(free) – di Paolo Balmas –
L’autorità svizzera di controllo per la libera concorrenza (Comco), ha accusato sette banche di aver cospirato e operato al fine di influenzare i prezzi dell’oro, dell’argento, del platino e del palladio. Tra queste, due sono svizzere (Ubs e Julius Baer), due britanniche (Hsbc e Barclays), una statunitense (Morgan Stanley), una tedesca (Deutsche Bank) e una giapponese (Mitsui).
L’apertura delle indagini avviene in un momento critico per il settore minerario, che ha conosciuto negli ultimi tempi un crollo dei prezzi e una generale crisi produttiva.

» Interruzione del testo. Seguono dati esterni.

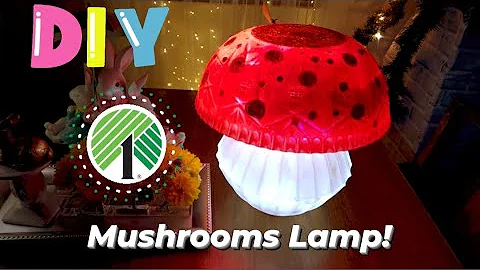 🍄DIY DOLLAR TREE MUSHROOMS LAMPS 🍄 #crafts #diy #decor #dollartree #viralvideo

Contemporaneamente, si sta facendo largo una narrazione piuttosto superficiale, ovvero che il rallentamento delle capacità produttive cinesi avrebbe causato la crisi globale del settore, poiché la Cina è il primo consumatore dei maggiori prodotti minerari e avrebbe causato un insostenibile calo della domanda.
Se da un lato è difficile rintracciare le reali cause, dall’altro è semplice constatare gli effetti. Ciò che sta accadendo nel settore minerario, fra le altre cose, è un sistematico assorbimento delle imprese che non riescono a sopravvivere da parte delle più floride, ovvero quelle più sostenute dal sistema finanziario delle banche.
Tuttavia, in questi tempi incerti, anche i colossi delle miniere come la britannica Glencore accusano gli effetti del mercato delle materie prime e rischiano di aumentare la propria dipendenza dagli istituti di credito, nonché un downgrade da parte delle agenzie di rating statunitensi.